I quickly made the claim, no thinking person on the planet believed that lie.
ZeroHedge made similar comments, as did others. So no one is a genius for predicting today’s non-news headline Fed Weighs Merits of Jumbo Portfolio in Post-Crisis Era.
Once the Federal Reserve lifts interest rates from near zero, likely this week, the focus will turn to the other legacy of the crisis-era policies: the Fed’s swollen balance sheet.
The prevailing view is that the U.S. central bank’s $4.5 trillion portfolio, vastly expanded by bond purchases aimed at stimulating the economy, will have to shrink once rates are on their way up, and the Fed will just need to decide how quickly.
Now, however, there is a new twist to the debate, with some policymakers and outside experts saying that there are reasons to keep the balance sheet big.
As recently as September 2014, the Fed pledged to eventually “hold no more securities than necessary,” in its “normalization” plan, a level widely interpreted as close to its pre-crisis $900 billion size.
A “permanently higher balance sheet … is something that we haven’t studied that much but I think needs a lot more thought,” John Williams, president of the San Francisco Fed, said last month.
It could also give the Fed a permanent policy tool with which to target sectors of the economy and certain parts of the bond market.
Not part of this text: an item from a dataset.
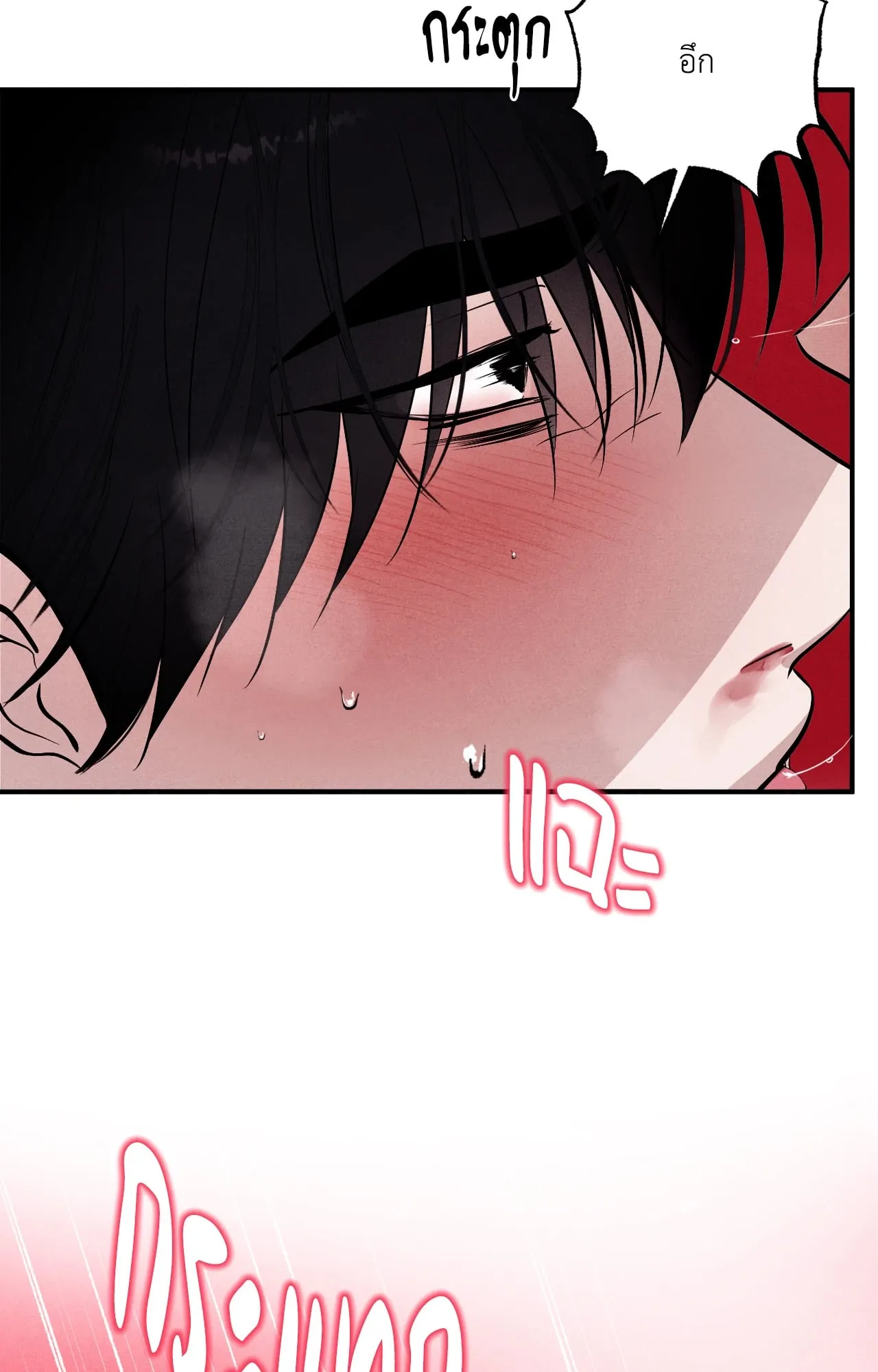 Unsleep ตอนที่ 4250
For example, the Fed could buy and sell certain assets to stimulate or cool the mortgage market or to affect longer-term borrowing costs, says Benjamin Friedman, former chairman of Harvard University’s economics department.
Fed researchers have been studying how many and what type of bonds should be stay on the Fed’s books in a “post-normalization world” – an effort one source familiar with the work called a “once in a decade” research opportunity.
Ben Bernanke, who as Fed Chairman unleashed the bond-buying that pushed the balance sheet to its current size, also weighed into the debate downplaying any concerns about the Fed’s outsized portfolio.
“The Fed could leave the balance sheet where it is and that wouldn’t be a problem,” he told New York Economics Club last month, noting its size is “internationally normal” in relation to the economy’s output.
One result of the swollen portfolio is the $2.6 trillion in excess reserves that banks now park at the Fed, earning interest that will only rise as rates tick higher.
The idea that the Fed is paying extra billions to the very banks blamed for the crisis could re-ignite criticism from lawmakers already sour on the Fed’s aggressive stimulus.
A big balance sheet poses “huge optics problems,” says John Cochrane, a senior fellow at the Hoover Institution.
Still, there are obvious financial stability benefits to keeping the balance sheet large, he says.
One thing is clear: the Fed has not shut the door on keeping a bigger balance sheet for longer, or using it as a policy tool on top of its usual lever of setting short-term borrowing costs.